I wonder if there could be a variant for Drop which is world wide - imagine being able to join a chat in a foreign country (hopefully you speak the language!) and chat with the locals. I imagine moderation would be a big pain but I could see it being fun and sort of in the spirit of the old web.
Edit: reading further, I suspect these were just taken from somewhere unless in 2025 they've got some Flash code to protect:
>Copy or adapt the Services' software, including but not limited to Flash, PHP, HTML, JavaScript, or other code.
You’re looking to replicate a college campus experience but for the general public. That’s your first yellow flag so to speak.
The problem is that adults don’t live on college campuses and don’t really have the same socialization patterns. They’re not in a “safe” bubble where everyone they encounter has the commonality of attending the same admission-required school, where they have a baseline level of trust for random people like a college student has for the other people in their bubble. College students can get physically kicked off of campus for doing things against school policy that aren’t even at the level of being illegal. In real life I can be living next to a convicted sex offender and there’s nothing I can do about it besides move.
Your competitor is Facebook Groups, which is an absolute elephant in the space.
Your implementation so far feels creepy. You’re asking for location immediately on the marketing page (why?).
The marketing page seems to indicate that users are just going to disclose their exact current location and not be anonymous after the beta. The screenshots look like I’m going to reveal my location to strangers as a dot on a map. I don’t know if you’re really disclosing your users’ exact locations to each other or if they’re made more generalized but that seems like an immediate no thanks for just about anyone with any reasonable sense of threat evaluation.
I don’t mean this in a discriminatory way, but your founder profile seems to be “two nerdy male college students.”
Can I ask you: do you think women would want to disclose their semi-precise location to strangers on the Internet? What’s the male to female ratio on this campus discord server you’re looking to capture the vibe from?
You also say this experience is trying to replicate the close community you have on discord. Why am I not just using discord? Spoiler alert: I’m already using discord with local people in my area.
Amazing portfolio project, I’m just not vibing with it as a business idea.
But, if enough people used it around certain areas, it could be a lot of fun & very helpful just to chit chat & talk about the weather & etc.
https://en.wikipedia.org/wiki/Yik_Yak
EDIT I can't accept the terms on my Samsung phone, as the text is over top of the buttons and I can't do anything but scroll the terms. Not sure if this is a browser (Brave) problem or a font size or what.

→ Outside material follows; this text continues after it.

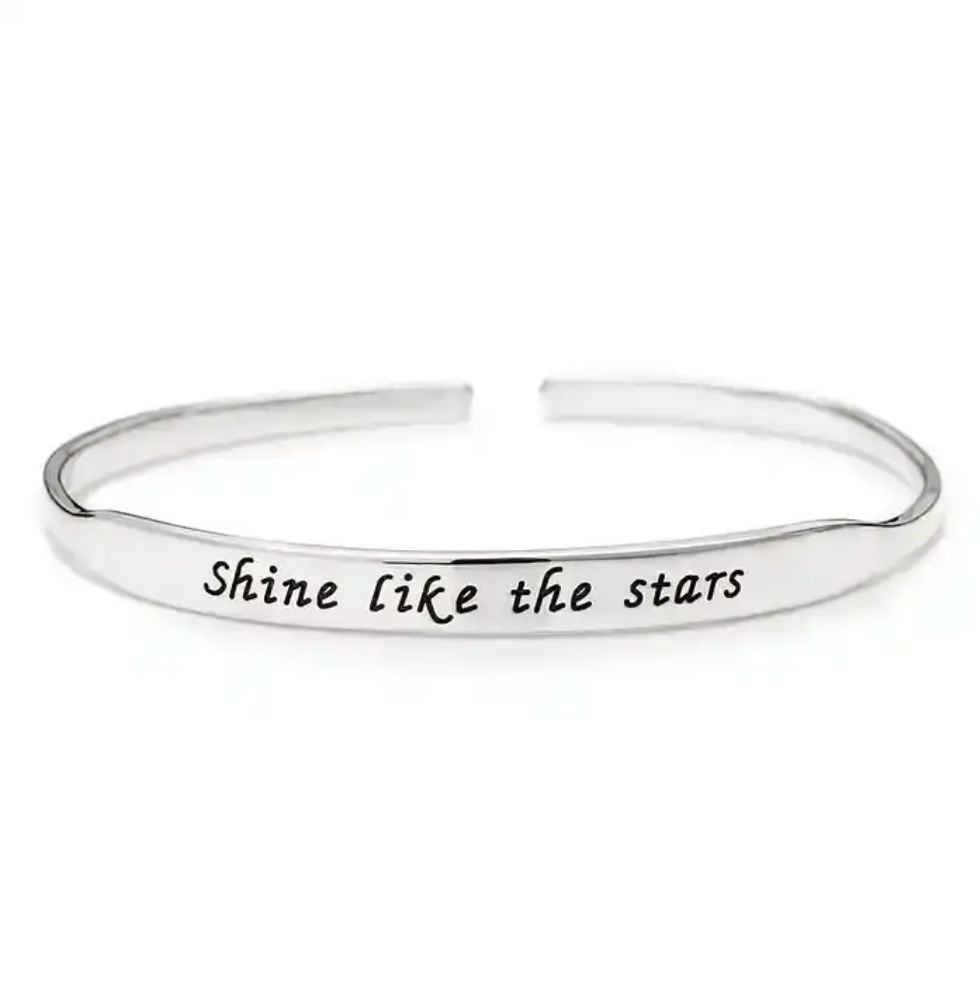 A polished silver cuff bracelet engraved. gold plated, sterling silver 925, rose gold plated, imitation jewellery, Makana Jewellery, 18k, jewelry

https://imgur.com/a/LjFFLn5
Then I tried to create a Hub, but couldn't figure out how to get it to accept my drawing (there's no "done" button, only "cancel", even though the polygon I want is right there). After a few frustrating tries, I went back and noticed that I need to click the first point again, which is very unintuitive.
After that, it kept complaining that my area is too big, and there was no way to live-adjust the area while seeing how big it is. I had to cancel out of the whole thing, go out to the hub screen, then click "start drawing" again for another try. I didn't make it past that.
I have been thinking about similar systems: https://web.archive.org/web/20061014073443/http://zby.aster....
Thanks for all the feedback so far! It has been very helpful.